#### [What to do]
Your response should contain exactly the lines running from the one with "ТОП-10 компаний-производителей гофропродукции" to the end of the data below, both included, and no pictures.

Image-text web data
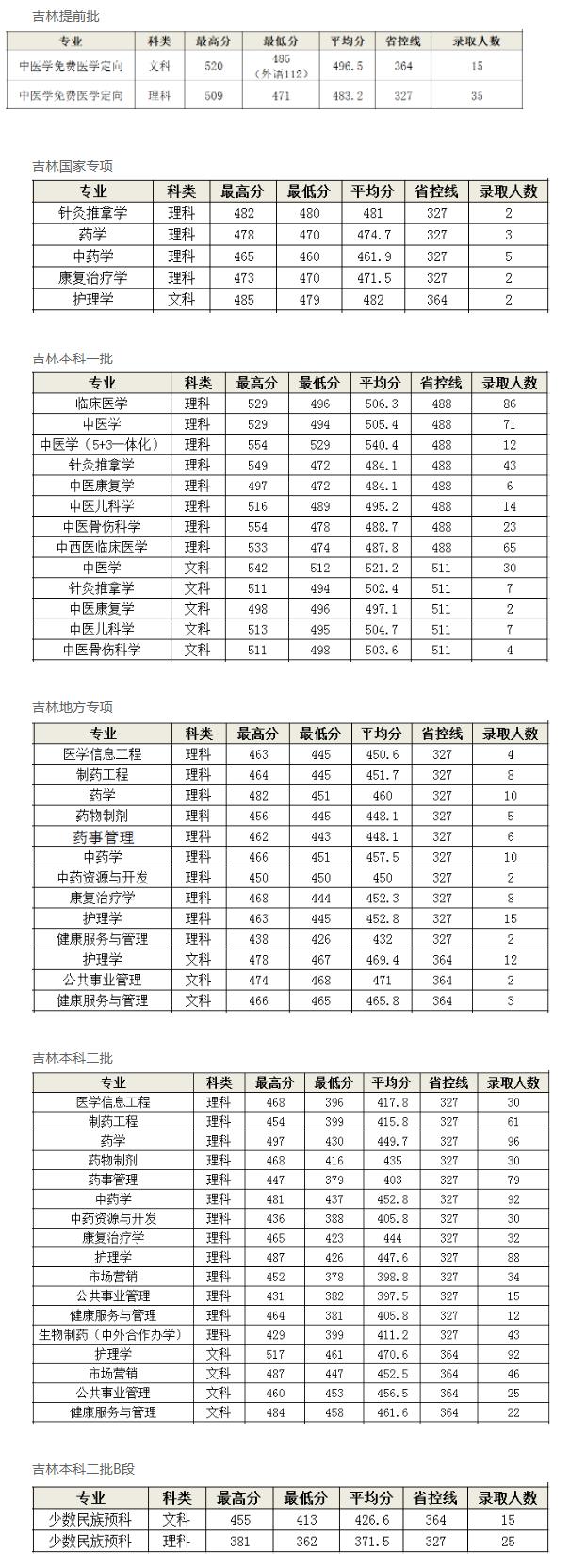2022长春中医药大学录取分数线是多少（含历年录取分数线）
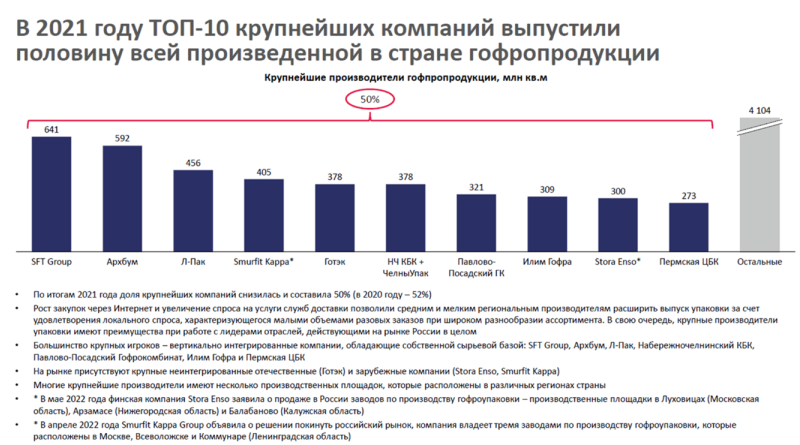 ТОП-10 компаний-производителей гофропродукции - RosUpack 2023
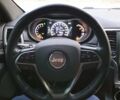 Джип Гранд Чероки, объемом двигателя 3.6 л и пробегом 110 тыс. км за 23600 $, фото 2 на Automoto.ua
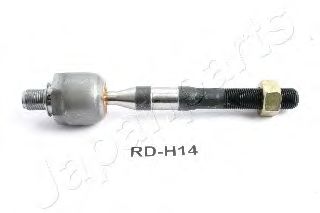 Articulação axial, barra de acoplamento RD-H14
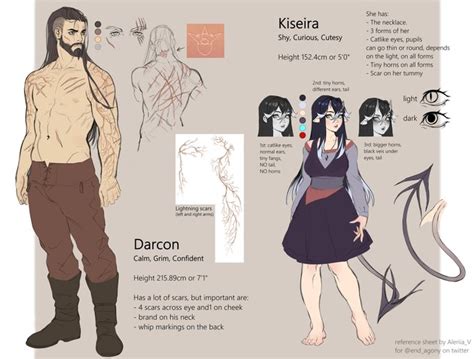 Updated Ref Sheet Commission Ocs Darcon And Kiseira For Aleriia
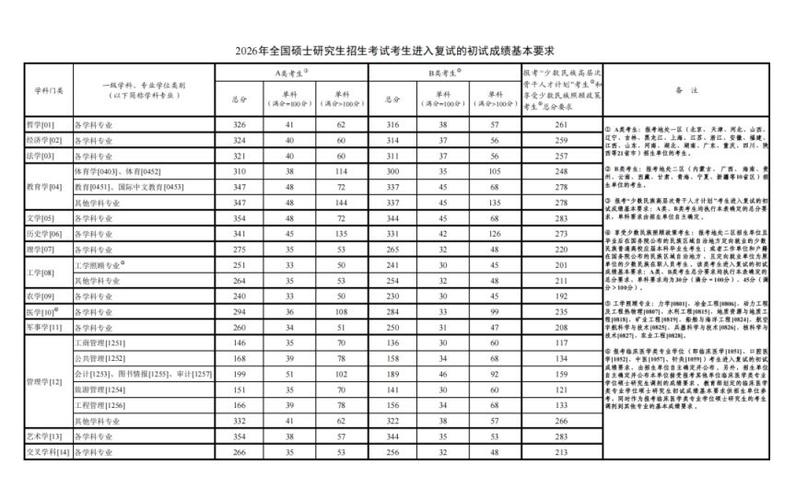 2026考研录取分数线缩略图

#### [Response to the task]
 ТОП-10 компаний-производителей гофропродукции - RosUpack 2023
 Джип Гранд Чероки, объемом двигателя 3.6 л и пробегом 110 тыс. км за 23600 $, фото 2 на Automoto.ua
 Articulação axial, barra de acoplamento RD-H14
 Updated Ref Sheet Commission Ocs Darcon And Kiseira For Aleriia
 2026考研录取分数线缩略图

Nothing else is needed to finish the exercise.